Wooden blocks spelling the word SKILLS arranged diagonally on a purple background with a red arrow pointing upward

Skill shows up in the questions, not the answers

There’s a quote often attributed to Voltaire (though it’s more accurately traced to the French writer Pierre-Marc-Gaston, duc de Lévis) that goes something like this:

It is easier to judge the mind of someone by their questions rather than their answers.

I think about that idea often in my work.

Answers are everywhere. Experience, data, best practice, and technology give us no shortage of them. However, answers are only useful if you’re asking the right questions first.

And that’s where skill really shows up.

Knowledge produces answers. Skill shapes the questions.

In complex organizations, particularly in arts and culture, it’s tempting to jump straight to solutions. There’s pressure to be decisive, to move quickly, and to show progress.

Yet premature answers often solve the wrong problem.

Good questions do something different. They slow the conversation down just enough to create clarity. They help surface context, assumptions, and constraints that aren’t always visible at first glance. Importantly, they shape what kind of answer will actually be useful.

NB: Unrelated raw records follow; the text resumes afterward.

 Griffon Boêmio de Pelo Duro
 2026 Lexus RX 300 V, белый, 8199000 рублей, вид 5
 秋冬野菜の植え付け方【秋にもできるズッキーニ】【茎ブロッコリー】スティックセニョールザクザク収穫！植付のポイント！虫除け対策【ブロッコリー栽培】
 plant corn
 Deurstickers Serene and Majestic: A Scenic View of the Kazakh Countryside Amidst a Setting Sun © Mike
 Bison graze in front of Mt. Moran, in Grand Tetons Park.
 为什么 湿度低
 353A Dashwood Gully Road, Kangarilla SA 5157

In practice, that means asking things like:

  • What problem are we really trying to solve here?

  • Who else is affected by this process, and how?

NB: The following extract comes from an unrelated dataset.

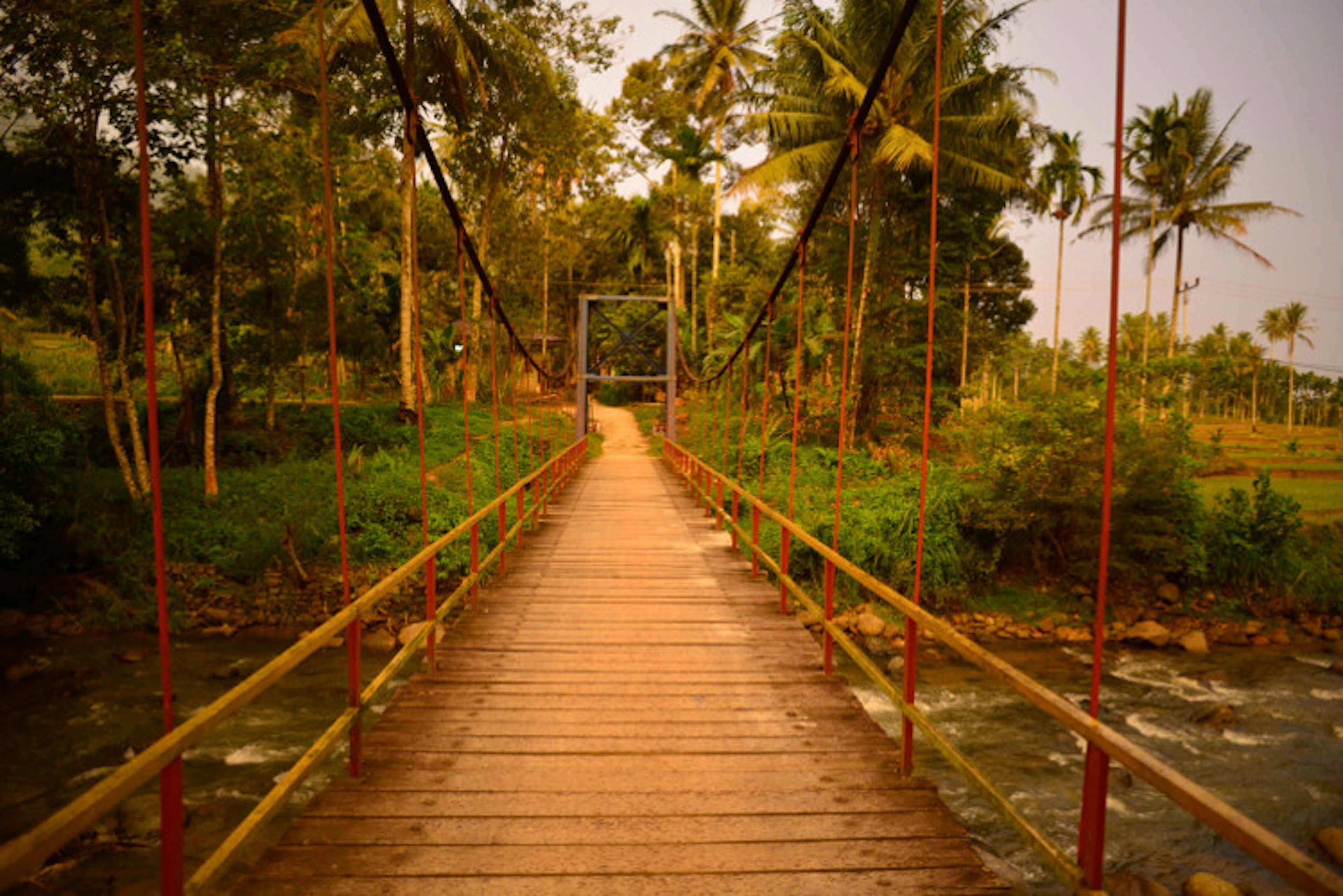 A suspended footbridge connects the jungle-clad banks of a Kerinci river, Sumatra. Image by Mark Eveleigh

  • What would success look like six months from now, not just today?

  • What information would help us decide with confidence?

None of these questions provides an answer on its own. However, together they define the problem in a way that makes good answers possible.

The most effective work starts with shared understanding.

When people talk about “good consulting,” they often focus on expertise: deep knowledge, proven frameworks, and confident recommendations.

Those things matter. But they come after something more fundamental.

The most effective work doesn’t start with answers at all. It starts with shared understanding.

That means taking the time to understand an organization’s history, culture, constraints, and ambitions. It means recognizing that two venues can look similar on the surface while operating in very different ways underneath. And it means resisting the urge to apply a familiar solution before the problem has been properly framed.

In other words, progress depends less on having the right answer ready, and more on asking the questions that align everyone around what actually matters.

Questions reveal priorities, not just problems.

One of the overlooked benefits of good questions is that they do more than identify issues. They reveal priorities.

Asking why something exists, who it serves, or what would happen if it didn’t, often exposes steps that persist out of habit rather than value. It helps teams see where effort no longer delivers the impact it once did. And it creates space to make trade-offs consciously, rather than by default.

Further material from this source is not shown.